Task brief |
The lines to copy run from the one containing "Portræt af M." to the end of the listing. Please write them out exactly, minus the pictures.

===============

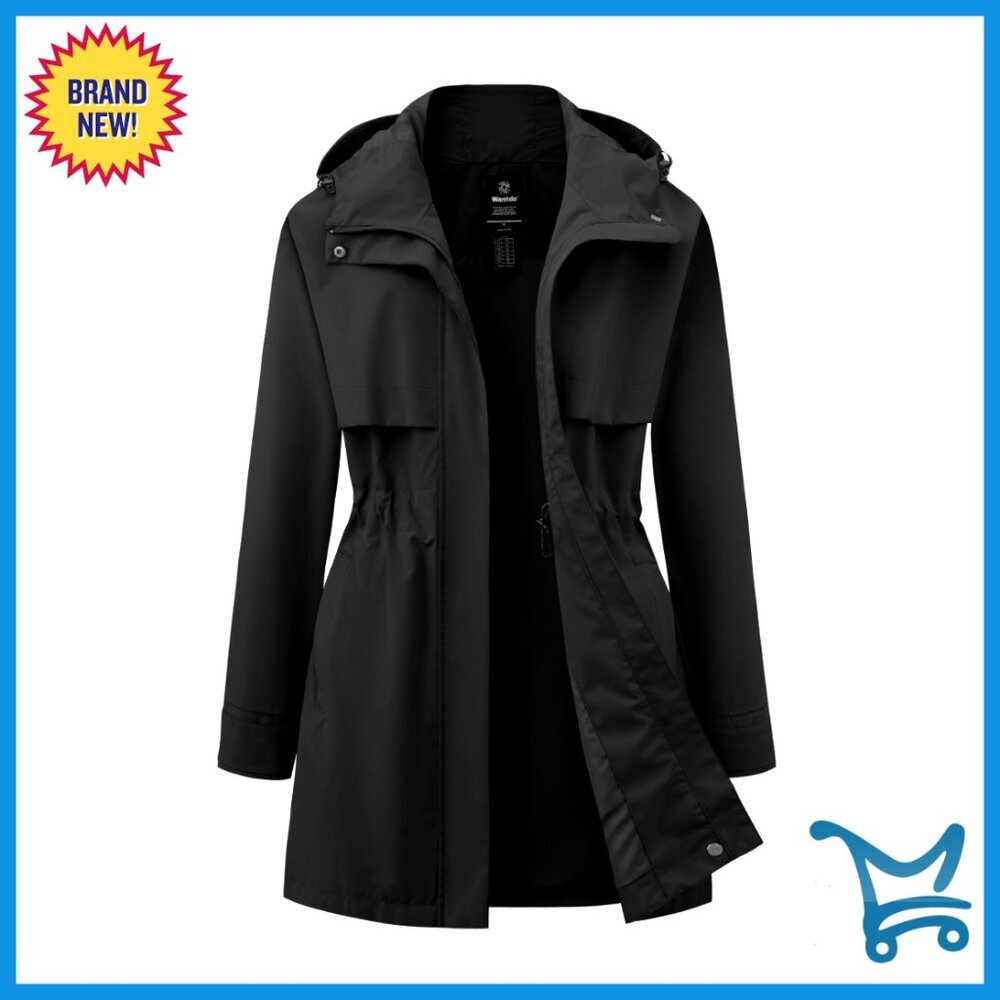 Waterproof Lightweight Rain Jacket with Hood Trench Coat Windbreaker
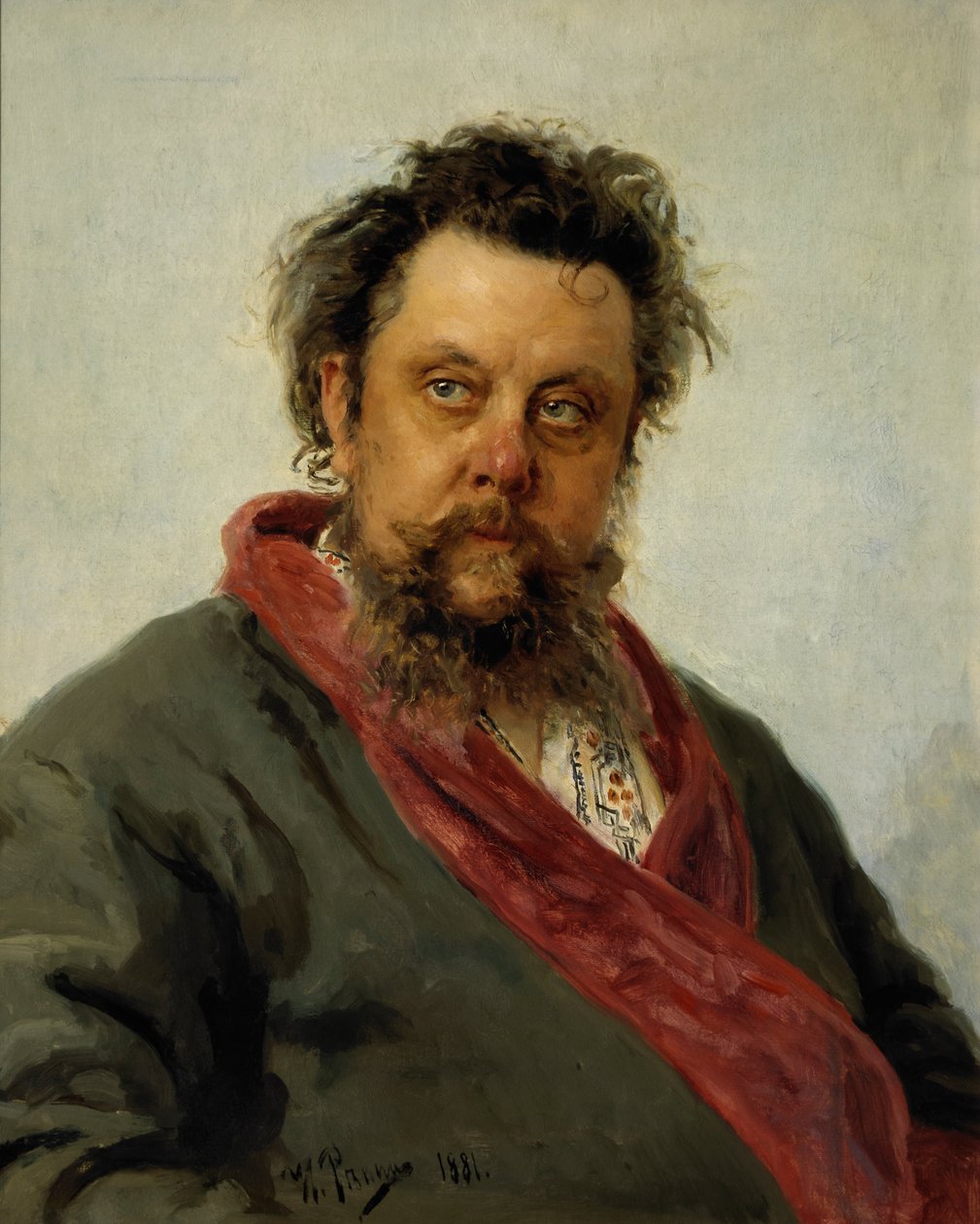 Portræt af M. P. Mussorgsky af Ilya Efimovich Repin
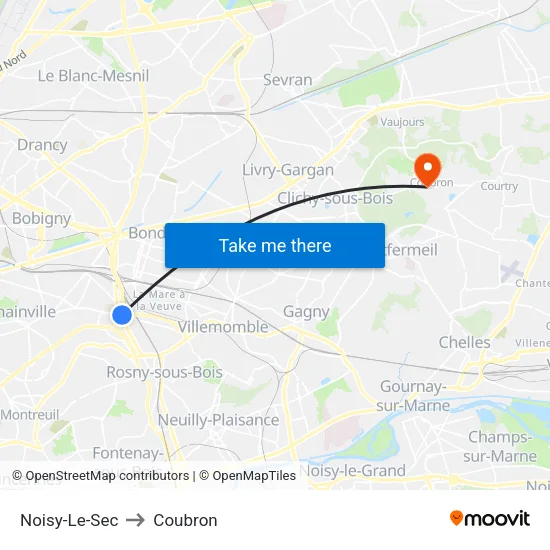 Noisy-Le-Sec to Coubron map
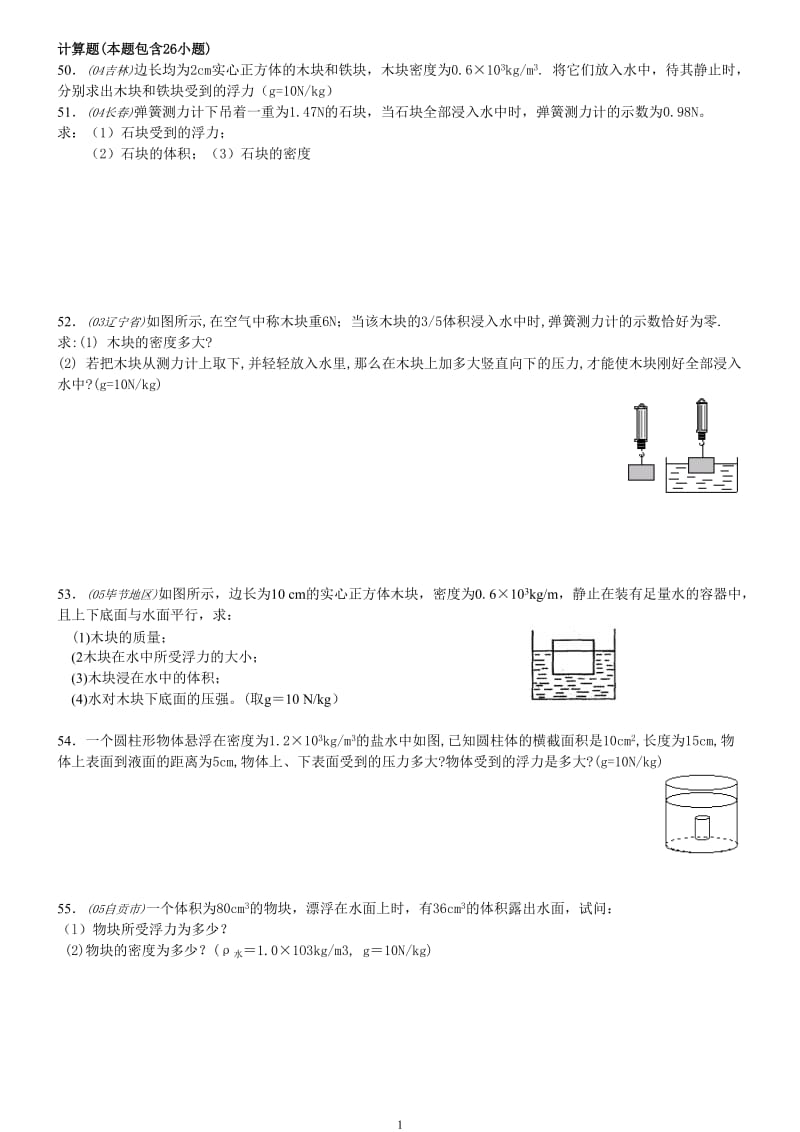 浮力经典计算题带答案.doc_第1页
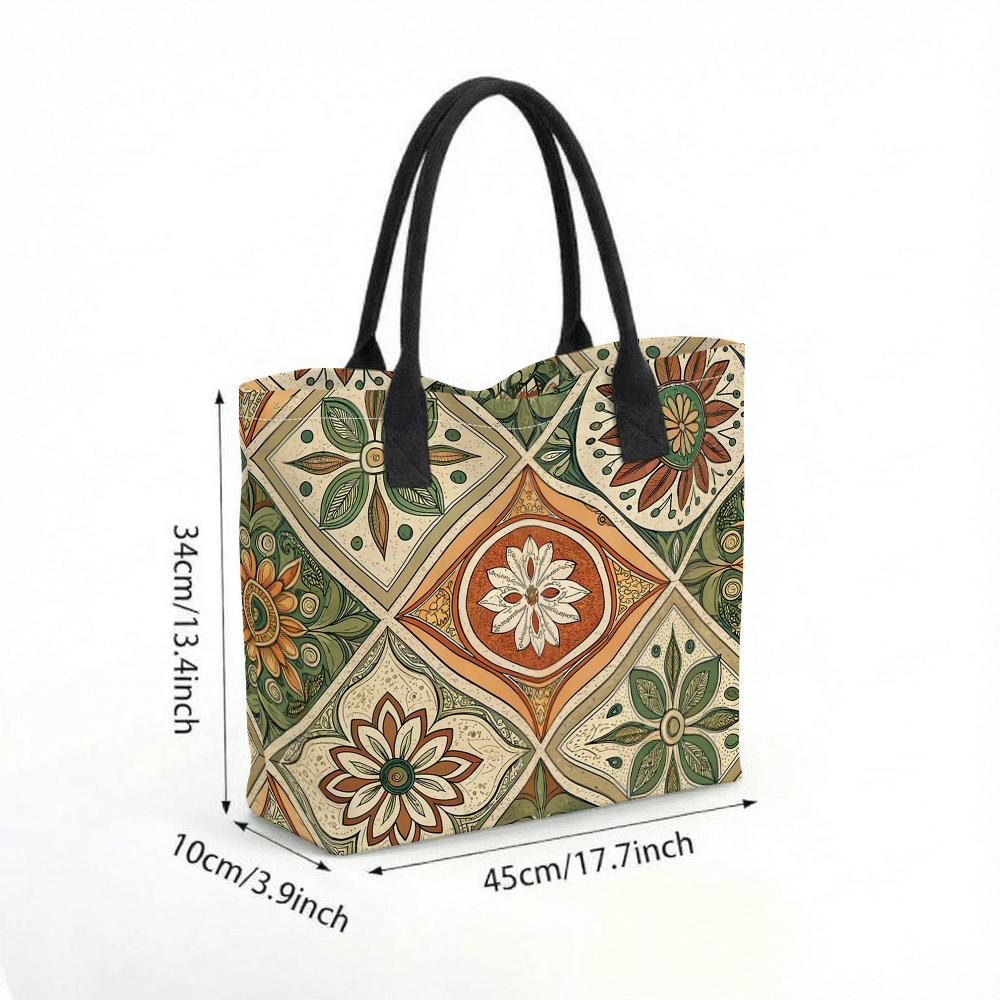  Bohemian Floral Tote Bag Large Capacity Daily Shoulder Handbag for Women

===============

Output of the task |
 Portræt af M. P. Mussorgsky af Ilya Efimovich Repin
 Noisy-Le-Sec to Coubron map
 浮力经典计算题带答案.doc_第1页
  Bohemian Floral Tote Bag Large Capacity Daily Shoulder Handbag for Women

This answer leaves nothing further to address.